Data extracted from a collection
+ + + + +
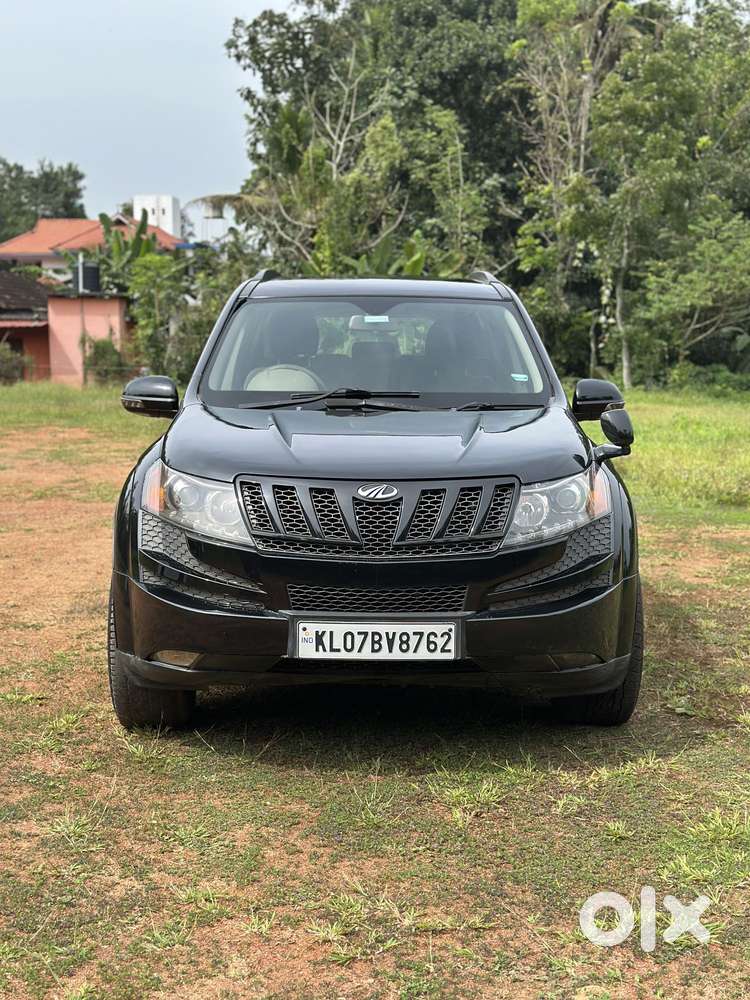 Mahindra Xuv500 W8, 2012, Diesel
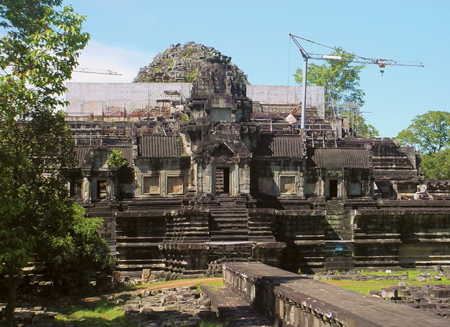 vue d'ensemble du temple, cliché P. Royère, DSC00195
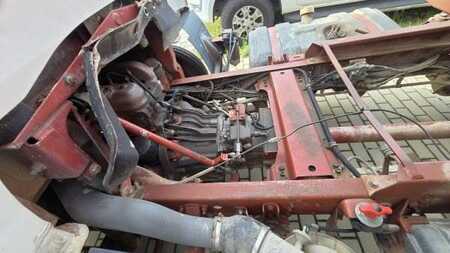 Egyéb 1991 Iveco 60.E14 intercooler (7)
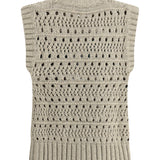 Knit Vest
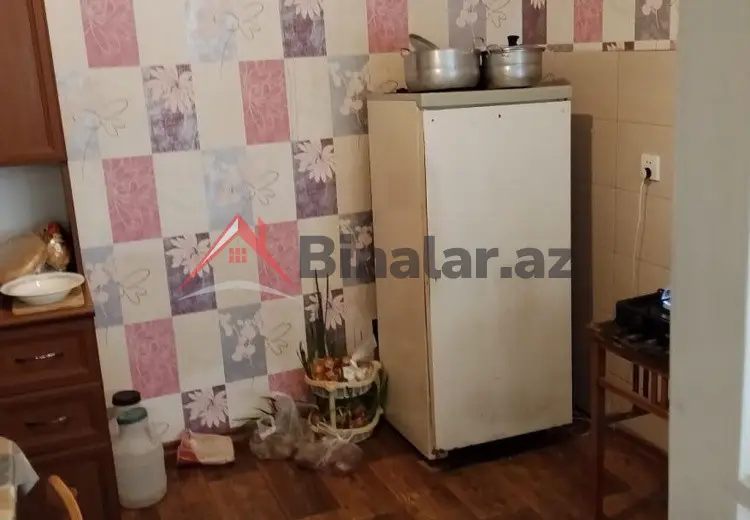 3 otaqlı mənzil Satılır, Gəncə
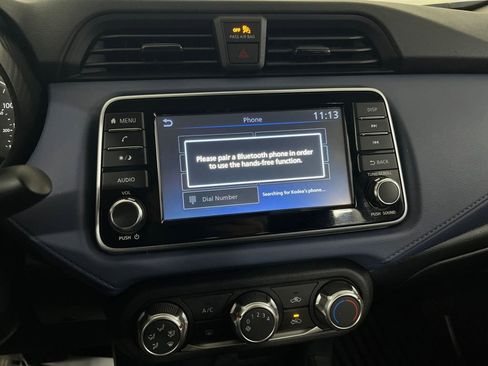 Used 2024 Nissan Versa SV w/ Trunk Package image 64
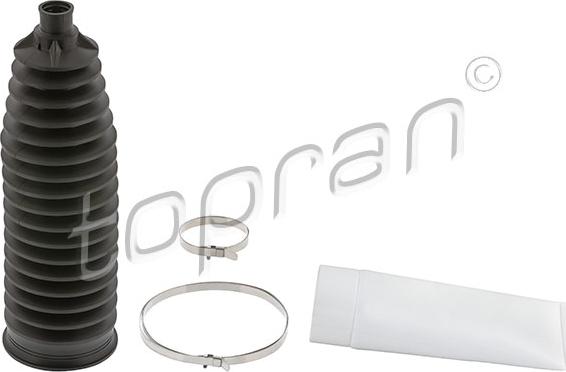 Topran 206 632 - Комплект пыльника, рулевое управление autodnr.net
+ + + + +
### Work to be completed
Drop every picture, then write out the remaining entries above exactly as they appear.

### Result of this task
 Mahindra Xuv500 W8, 2012, Diesel
 vue d'ensemble du temple, cliché P. Royère, DSC00195
 Egyéb 1991 Iveco 60.E14 intercooler (7)
 Knit Vest
 3 otaqlı mənzil Satılır, Gəncə
 Used 2024 Nissan Versa SV w/ Trunk Package image 64
 Topran 206 632 - Комплект пыльника, рулевое управление autodnr.net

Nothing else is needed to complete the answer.